GTB-tbsequencing / mutation-catalogue-2023

MIT License
12 stars 1 forks source link

MCNVs can be listed as containing DNA variants that may not be associated with relevant resistance information #11

Closed HillJamie closed 1 month ago

HillJamie commented 2 months ago

I have noticed that in some cases, an MCNV in a protein coding region contains a DNA level change.

variant chromosome position reference_nucleotides alternative_nucleotides
ccsA_c.393T>G NC_000962.3 620281 CGTG AAGC
ccsA_p.Ala132Pro NC_000962.3 620281 CGTG AAGC
ccsA_p.Arg131Lys NC_000962.3 620281 CGTG AAGC

My understanding is that the DNA level change is reported, rather than an amino acid change, when the mutation is synonymous.

However, in this case, the consequence is not a synonymous mutation, and so the resistance found in other isolates containing ccsA_c.393T>G is not likely to apply here.

Would it make more sense to remove the line "ccsA_c.393T>G | NC_000962.3 | 620281 | CGTG | AAGC" from the genomic_coordinates spreadsheet?

To say the same thing in a different way, one might describe the variant ccsA_c.393T>G as ccsA_p.Arg131= (in HGVS nomenclature). Then it is clear that ccsA_p.Arg131Lys precludes matching ccsA_p.Arg131=.

As I interpret the instructions https://github.com/GTB-tbsequencing/mutation-catalogue-2023/blob/main/Final%20Result%20Files/Instruction%20of%20use%20for%20incorporation%20of%20the%20mutations%20catalogue%20version%202%20results%20into%20bioinformatic%20pipeline.pdf there is otherwise a risk of reporting the variant with a low grade (ccsA_p.Ala132Pro and ccsA_p.Arg131Lys are not present in the "Catalogue_master_file" sheet, and the instructions are ambiguous about what to report when there is no match).

Thank you again for the resource, and all your help. Jamie

sachalau commented 2 months ago

Hi Jamie,

Thank you very much for your report. This shouldn't have been happening. Actually the genomic coordinates files were corrected a few months ago after reports from other users for a very related issue (synonymous changes incorrectly associated with MCNVs).

I understand where the issue comes from now and I'll be working towards implementing a fix.

However I believe the risk of misreporting is low.

there` is otherwise a risk of reporting the variant with a low grade (ccsA_p.Ala132Pro and ccsA_p.Arg131Lys are not present in the "Catalogue_master_file" sheet, and the instructions are ambiguous about what to report when there is no match).

This is the reason we decided to list all variants associated to MCNV, even though they are not graded. If incorporation is made correctly, three things should be reported at the moment in association to (620281, CGTG, AAGC):

  1. ccsA_c.393T>G => class 4
  2. ccsA_p.Ala132Pro => ungraded
  3. ccsA_p.Ala131Lys => ungraded

Of course entry 1 is incorrect, but the final reader of the report should still be aware of 2 & 3 being present.
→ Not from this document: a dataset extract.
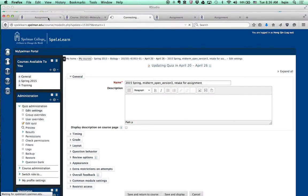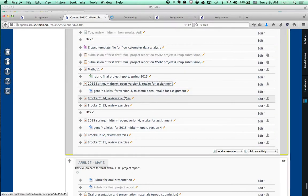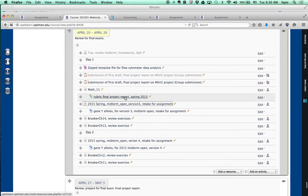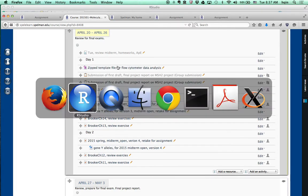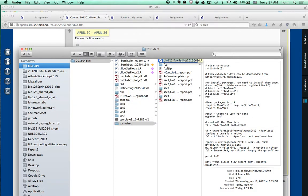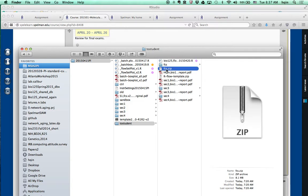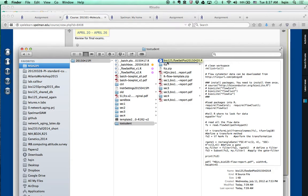This is a demo to show how to analyze flow cytometry metadata. On Moodle, the template file is in zip format. Download that file and expand it. In that zip file, you will see two files. One is called fcs.zip, the other file is a template R code called bio125 flowsetplot2050420.r.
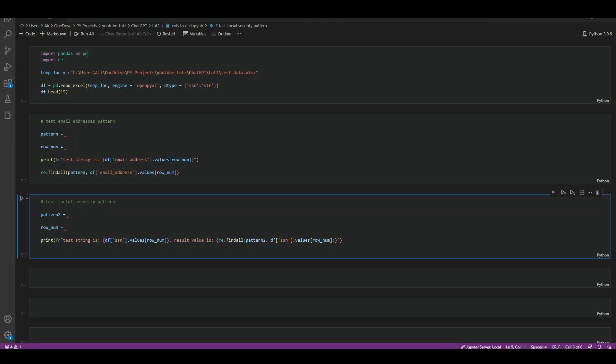In this video we will be asking ChatGPT to write us some basic regular expressions for testing in Python language. Regular expressions, or regex for short, are powerful tools for matching patterns in strings. They can be quite tricky, which is why we are going to have some fun asking ChatGPT to write them for us.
sachalau commented 2 months ago

Hi Jamie,

Just letting you know that as I was working on the fix for the issue your reported, I further observed another undesirable artefact on the genomic coordinates output. Similarly to the one you reported, I believe its impact is relatively minor but I'm trying to address both issues at the same time. Which is why the fix is taking longer than expect

sachalau commented 1 month ago

Hi Jamie, All files have been updated.

HillJamie commented 1 month ago

Thank you so much - and apologies for not replying to your earlier comment.